So I'm on my way to work, after just having a delicious lasagna from Trifon's, and something wasn't right. Something in the combination of the just woken up, the massive amounts of coffee from working nights the night before, the walking around, and the just ate all came together. It clicked. It was magic.
Driving in my little golf cart I call a car, my stomach rumbles, louder than the radio. I immediately burn a U-Ball in order to get my ass home ASAP.
like this, only less cool, and with more peristalsis
I can barely think anymore, although I do know a few things:
My ass is ready to explode
I have 4 maybe 5 minutes tops
If I don't get home, and I have to unleash this unholy terror in a public bathroom, it's technically a contravention of the Geneva Code
And trust me, you DO NOT fuck with the U.N.
Christ Almighty! A Key-Knot! Why are they so indistinct?!?!
Fumble with the keys, get the house key out....35 seconds...Shit! forgot about the deadbolt, thank god it's the same key...25 seconds...trip over the dog...15 seconds...down the hall...
10 seconds...hit the can...
9...pants down...
8...toilet paper, there's none!...
7....pants up...
6...out the door...
5...frantically grab new roll...
4...back on toilet...
3...sudden horrifying realization...
2...stand up...
1...pants down, sit downsweet Jeebus it burns!

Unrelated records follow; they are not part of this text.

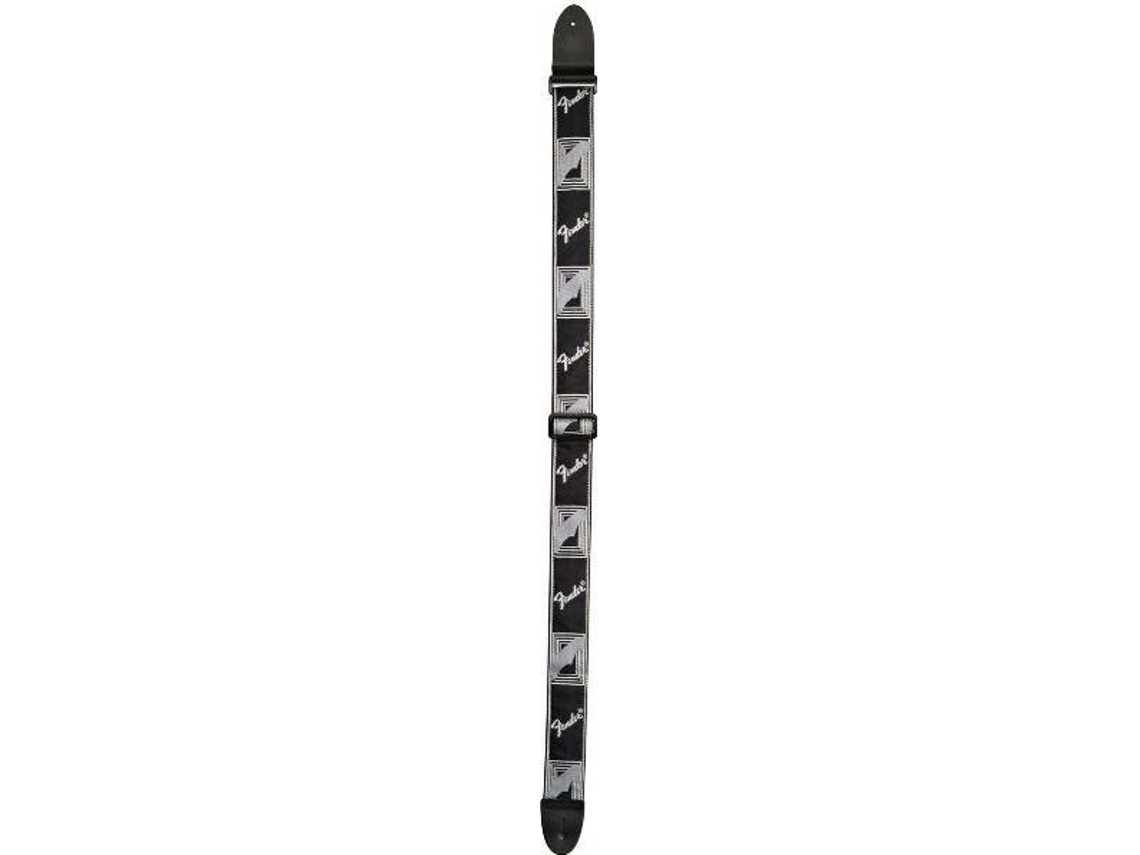 Correa de Guitarra FENDER Monogram B/G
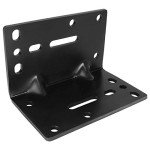 Heavy Duty Universal Winch Mounting Bracket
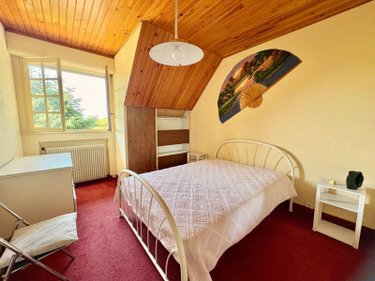 Maison a vendre Vern-sur-Seiche 35770 Ille-et-Vilaine 137 m2 6 pièces 403650 euros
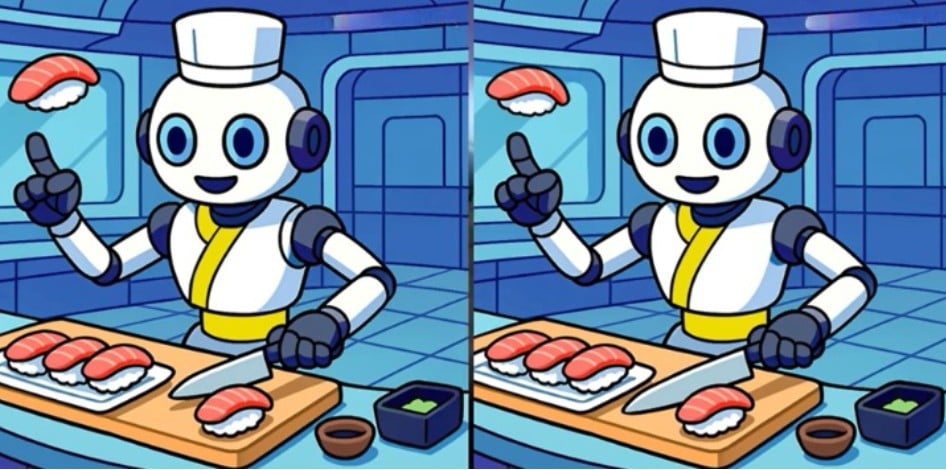 головоломка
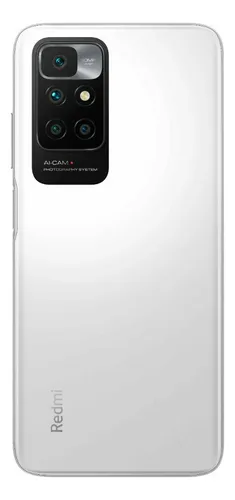 Xiaomi Redmi 10 2022 21121119vl 4gb 128gb Dual Sim Duos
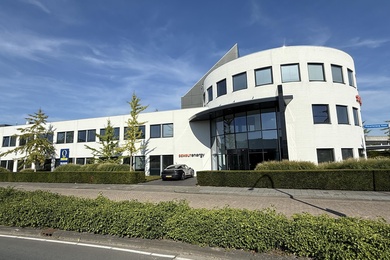 Kantoorruimte Parallelweg Oost 35, Valkenswaard | Bedrijfspand.com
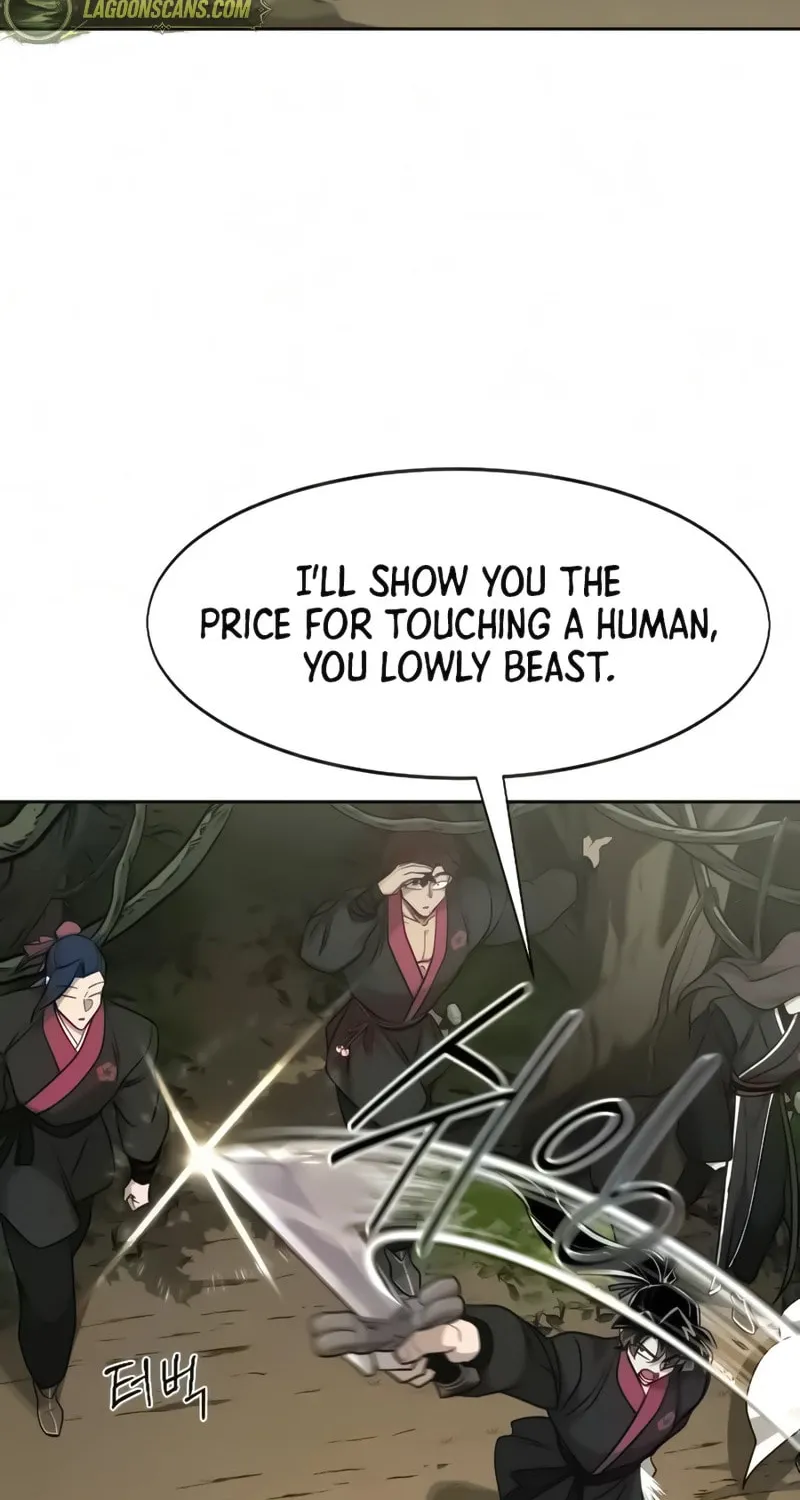 Read Return Of The Blossoming Blade - Chapter 165 - returnofthemounthuasectmanhwa.com | Image 75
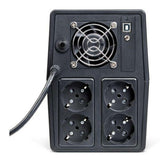 SAI Interactivo Salicru 662AG000010 600 W 1100 VA - HAMISHOP07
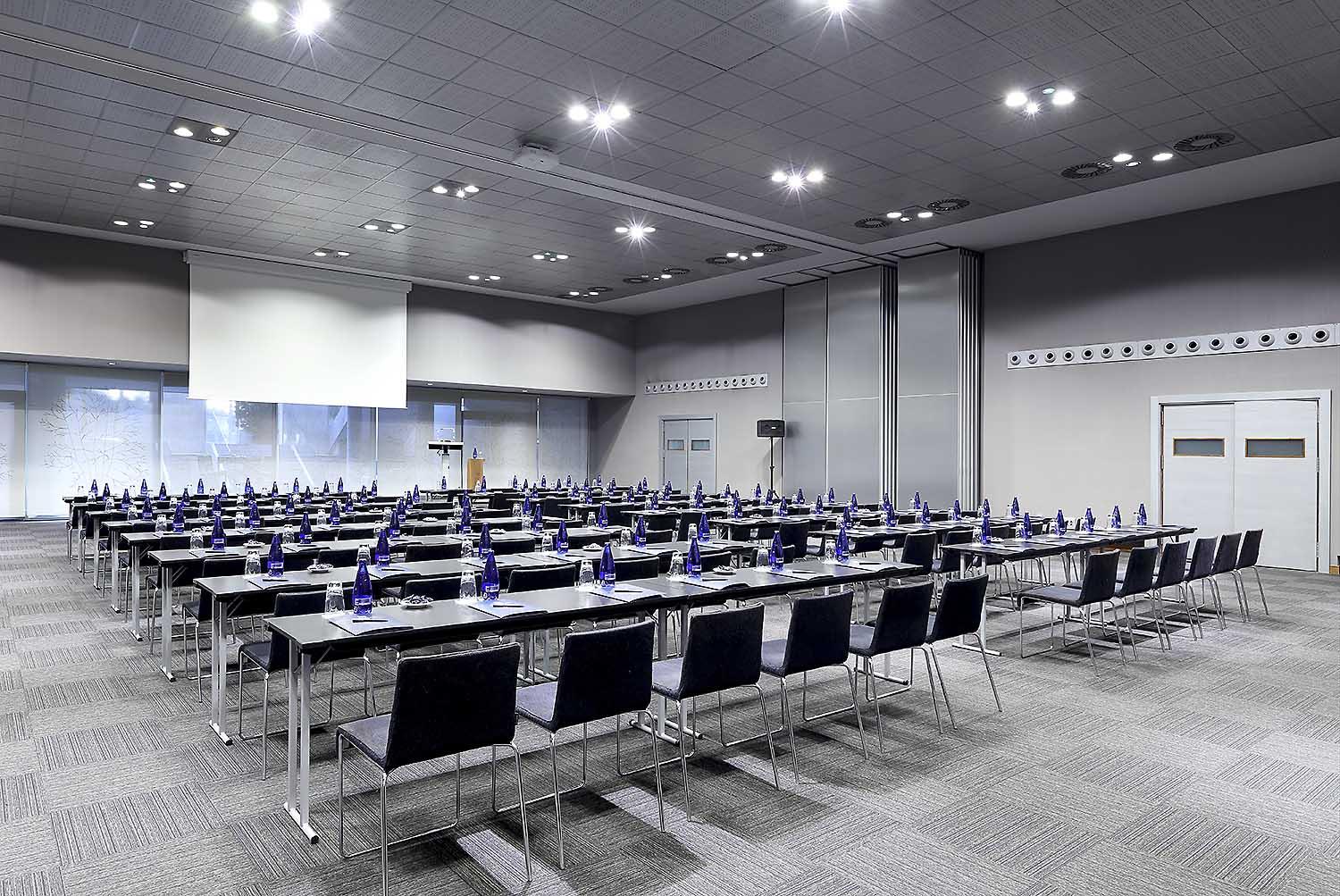Hotel Eurostars Madrid Congress Alcobendas Exteriér fotografie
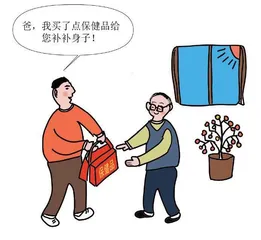 欢喜过大年,健康不“踩雷”1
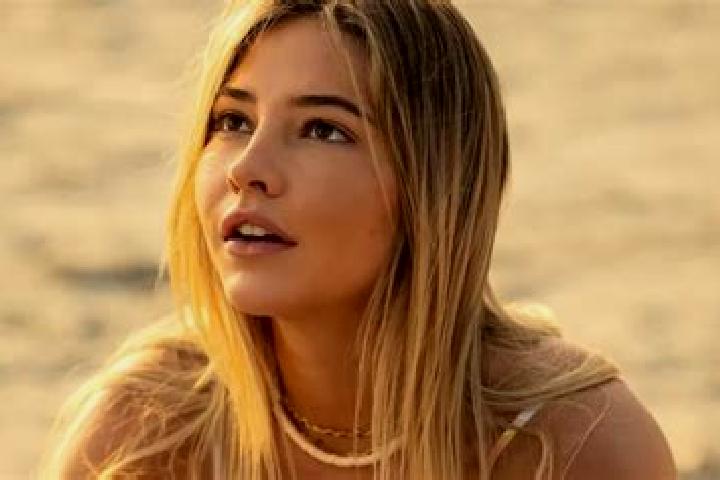 Aubrey, 26 — Escort in Leping, China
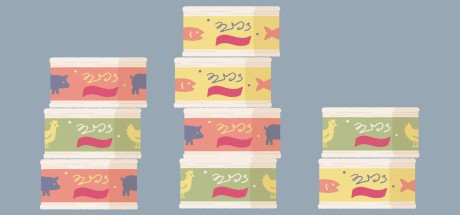 A Little To The Left EU PC Steam CD Key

It was without a doubt the most horrifying bathroom experience I've ever had. That being said, I've never been in the stall next to former Senator Larry Craig (which I imagine would be worse). Minutes feel like hours, but the terrifying ordeal finally ends. I get up, and look down, fully expecting to see one or both of my kidneys in the bowl. Instead I find...
Nothing.
I don't get it, clearly everything is as if an epic dump happened...the stink, the wipe, the plop, even the sweet relief, but there's nothing there!
Never will the Bermuda Triagle toilet mystery be solved, and frankly, just like how magnets work, it's probably best if humanity never solves the mystery.